Cet événement a réuni des représentants institutionnels, universitaires, professionnels de santé, associations de la société civile, familles ainsi que des partenaires et experts internationaux.
Journée de réflexion : Le Collectif marocain pour la promotion du droit à la santé des personnes en situation de handicap mental, avec l’appui du projet international Rosemary Collaboratory, a organisé le 30 septembre à Rabat une journée nationale de réflexion sur l’intégration du handicap mental dans les formations médicales et paramédicales.
La prise en charge des personnes en situation de handicap mental (PSHM) constitue un défi majeur de santé publique au Maroc. En dépit des efforts déployés ces dernières années, l’accessibilité aux services de santé reste limitée. En outre, la coordination entre professionnels et familles reste insuffisante, et les dispositifs de prise en charge restent éloignés des besoins spécifiques des personnes concernées. Ces difficultés compromettent la qualité des soins, l’égalité d’accès et l’autonomie sociale et médicale des PSHM. Dans ce contexte, le Collectif marocain pour la promotion du droit à la santé des PSHM, avec l’appui du projet international Rosemary Collaboratory, a organisé le mardi 30 septembre une journée nationale de réflexion sur l’intégration du handicap mental dans les formations médicales et paramédicales. Cet événement a réuni des représentants institutionnels, universitaires, professionnels de santé, associations de la société civile, familles ainsi que des partenaires et experts internationaux.

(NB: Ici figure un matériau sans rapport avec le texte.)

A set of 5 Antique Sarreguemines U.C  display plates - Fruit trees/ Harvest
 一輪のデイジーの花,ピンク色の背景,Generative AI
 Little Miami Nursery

Les conclusions de la phase 1 du projet Rosemary Collaboratory, qui ont servi de point de départ à cette rencontre, révèlent que les futurs professionnels de santé au Maroc sont insuffisamment préparés à prendre en charge les personnes en situation de handicap mental. L’étude a notamment mis en lumière une intégration limitée du handicap mental dans les curricula, souvent réduit à quelques cours théoriques dans le cadre de la psychiatrie. L’étude a aussi révélé une quasi-absence de formation pratique adaptée, un manque de ressources pédagogiques et de méthodologies pour les enseignants ainsi qu’une insatisfaction récurrente des familles face à l’incompréhension et un manque de compétences relationnelles et communicationnelles des professionnels de santé.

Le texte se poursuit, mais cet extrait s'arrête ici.